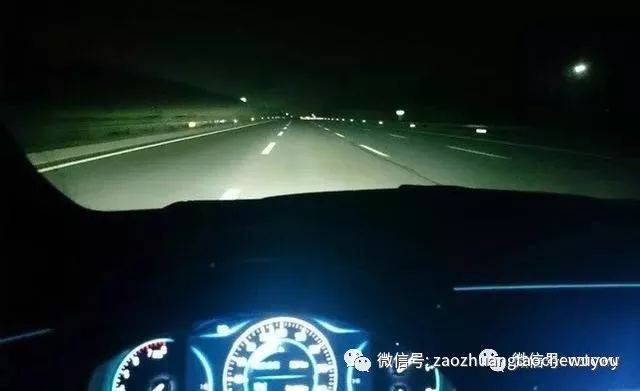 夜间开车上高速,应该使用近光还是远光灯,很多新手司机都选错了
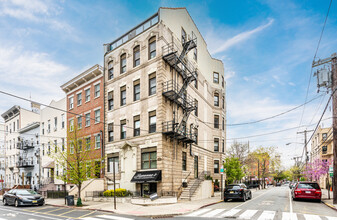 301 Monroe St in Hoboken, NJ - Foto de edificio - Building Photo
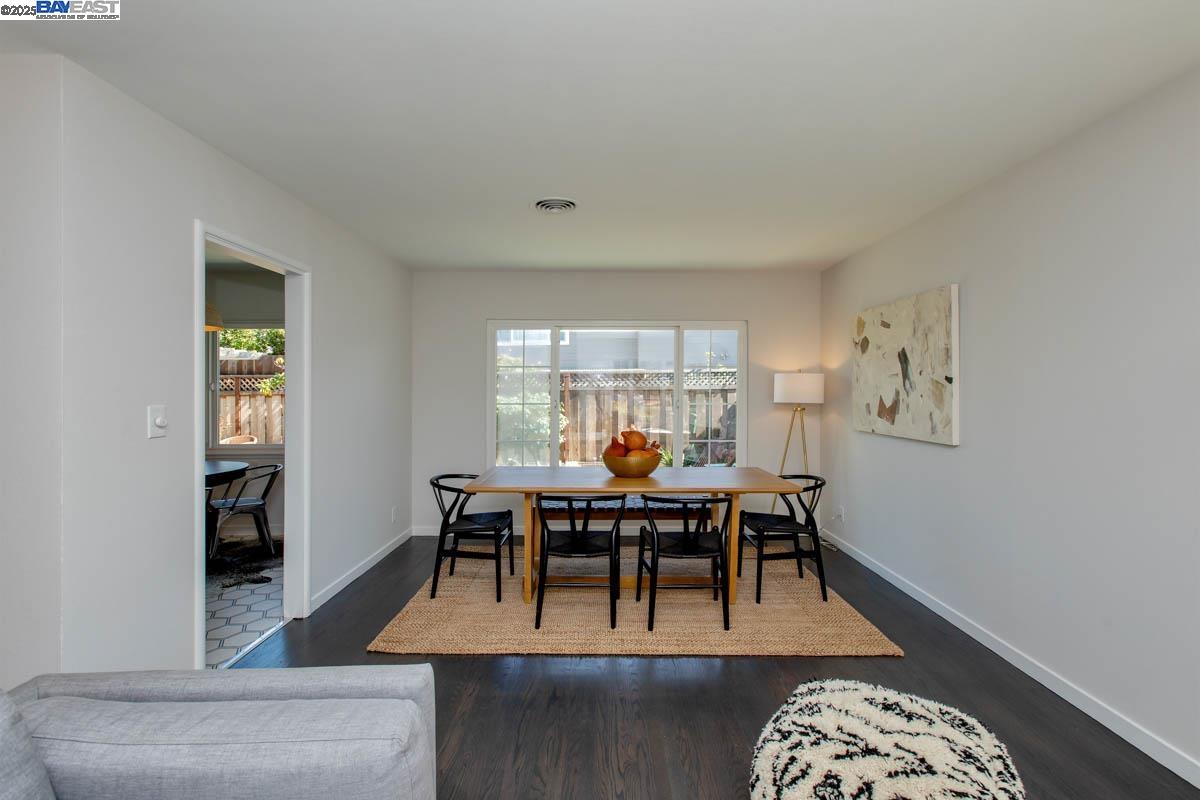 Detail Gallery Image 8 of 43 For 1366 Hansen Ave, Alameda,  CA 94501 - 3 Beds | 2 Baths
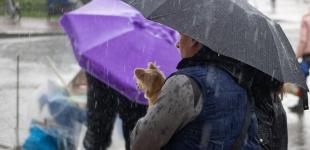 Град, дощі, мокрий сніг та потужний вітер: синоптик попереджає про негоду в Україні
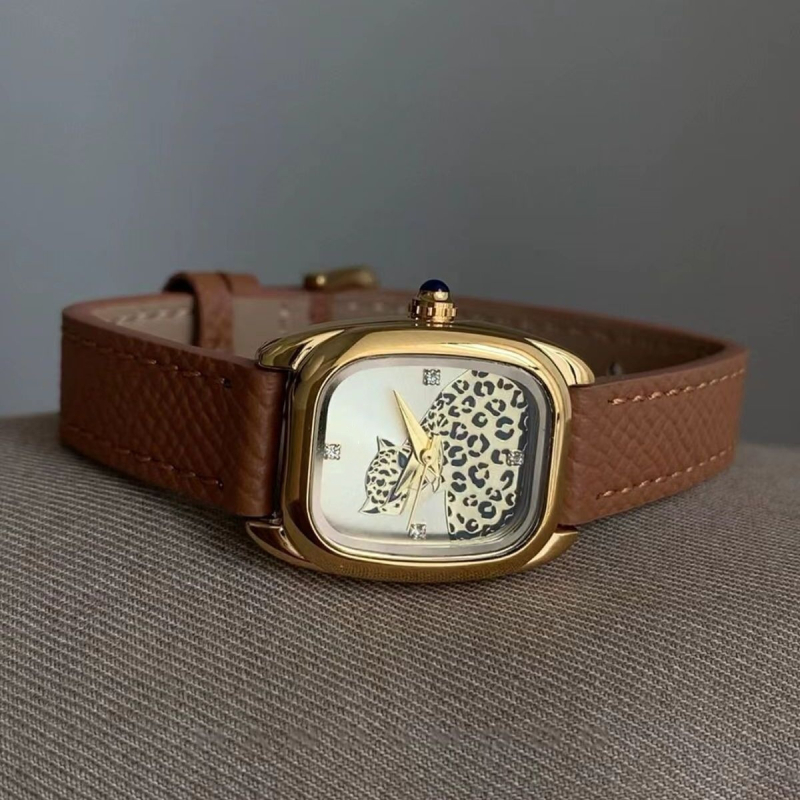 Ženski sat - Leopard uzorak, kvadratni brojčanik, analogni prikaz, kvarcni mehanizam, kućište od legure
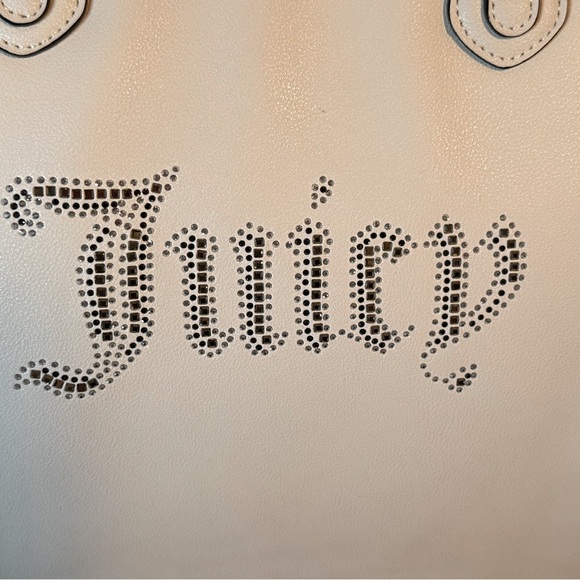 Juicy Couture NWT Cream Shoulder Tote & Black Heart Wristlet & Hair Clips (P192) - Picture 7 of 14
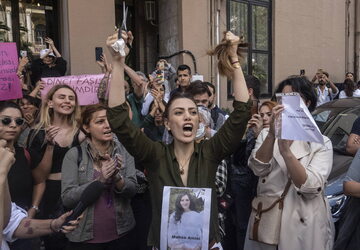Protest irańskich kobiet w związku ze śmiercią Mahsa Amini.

--*--

PROBLEM DESCRIPTION
Could you repeat word for word only the lines from the one that contains "301 Monroe St" through the end of the listing, leaving out the pictures?

TASK OUTPUT
 301 Monroe St in Hoboken, NJ - Foto de edificio - Building Photo
 Detail Gallery Image 8 of 43 For 1366 Hansen Ave, Alameda,  CA 94501 - 3 Beds | 2 Baths
 Град, дощі, мокрий сніг та потужний вітер: синоптик попереджає про негоду в Україні
 Ženski sat - Leopard uzorak, kvadratni brojčanik, analogni prikaz, kvarcni mehanizam, kućište od legure
 Juicy Couture NWT Cream Shoulder Tote & Black Heart Wristlet & Hair Clips (P192) - Picture 7 of 14
Protest irańskich kobiet w związku ze śmiercią Mahsa Amini.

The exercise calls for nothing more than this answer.